• Problem details:
Output must consist only of the lines of the material below from the one with "Redmi Note 13 0" through the one with "Heap brand asset featured on heap.io", each reproduced exactly; no pictures belong in it.

• Records shown:
===
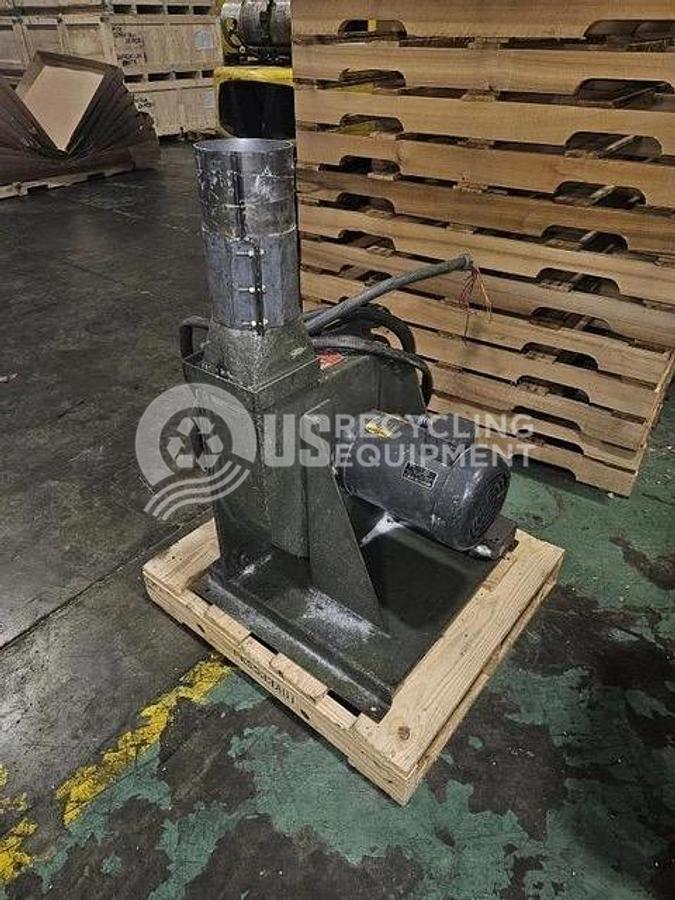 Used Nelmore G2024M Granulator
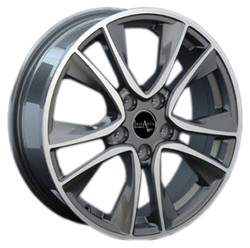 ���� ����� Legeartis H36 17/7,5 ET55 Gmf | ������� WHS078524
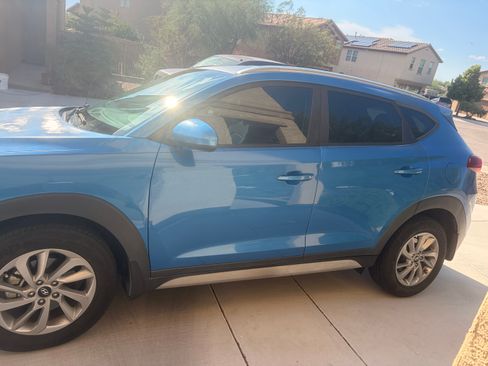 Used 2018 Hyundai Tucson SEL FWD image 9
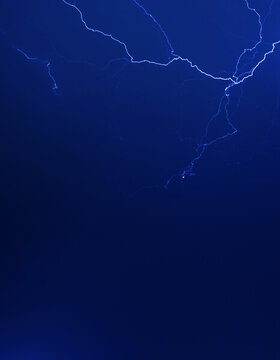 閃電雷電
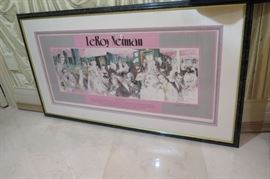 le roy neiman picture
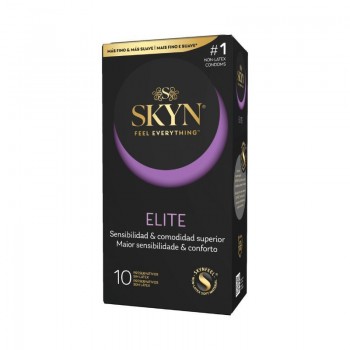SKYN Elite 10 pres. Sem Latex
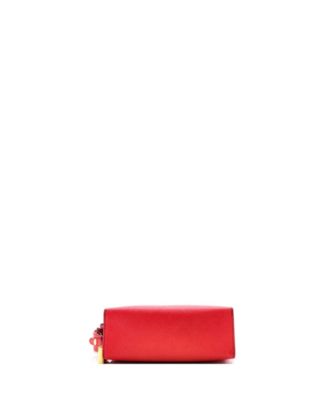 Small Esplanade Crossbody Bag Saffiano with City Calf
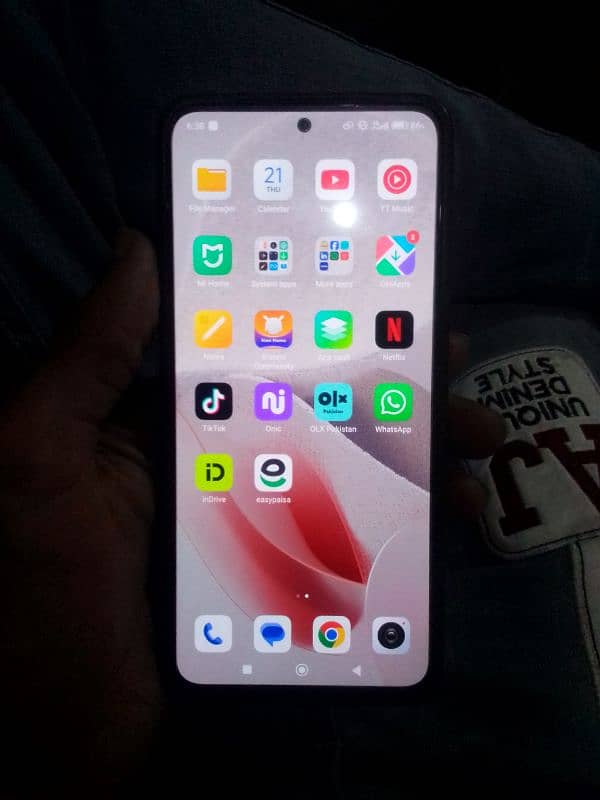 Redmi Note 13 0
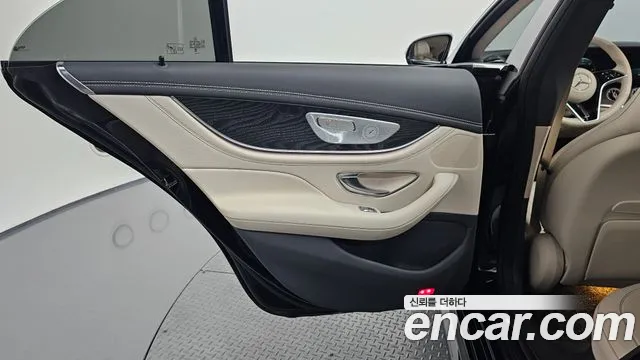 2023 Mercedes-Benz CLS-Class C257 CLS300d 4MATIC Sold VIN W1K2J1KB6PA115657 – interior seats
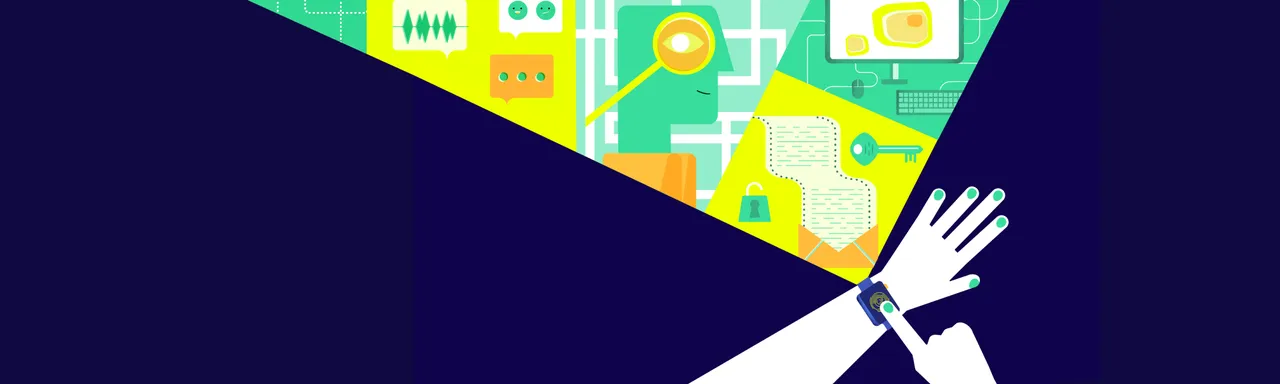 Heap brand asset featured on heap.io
===
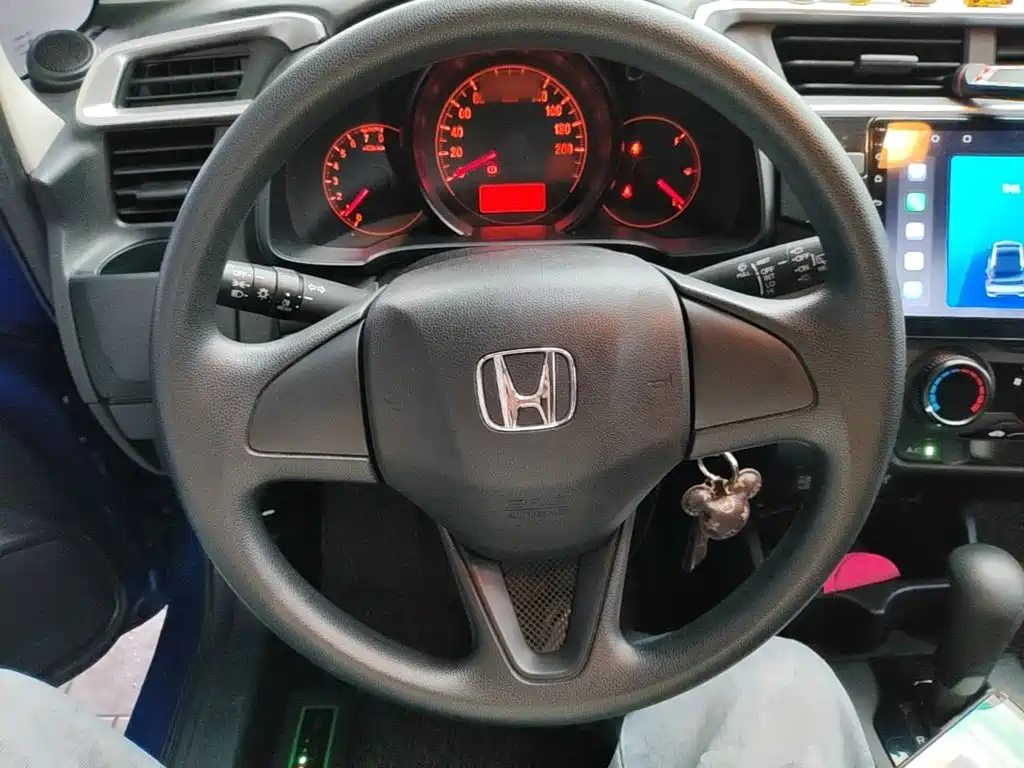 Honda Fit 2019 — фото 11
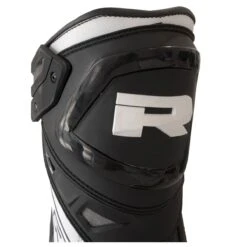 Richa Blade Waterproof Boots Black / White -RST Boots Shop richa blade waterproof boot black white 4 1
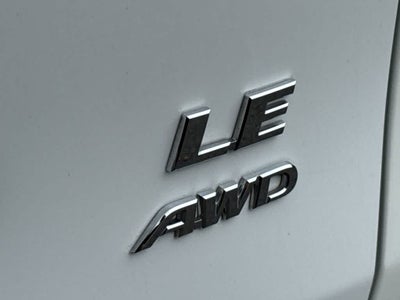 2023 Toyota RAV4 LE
===
• Completed exercise:
 Redmi Note 13 0
 2023 Mercedes-Benz CLS-Class C257 CLS300d 4MATIC Sold VIN W1K2J1KB6PA115657 – interior seats
 Heap brand asset featured on heap.io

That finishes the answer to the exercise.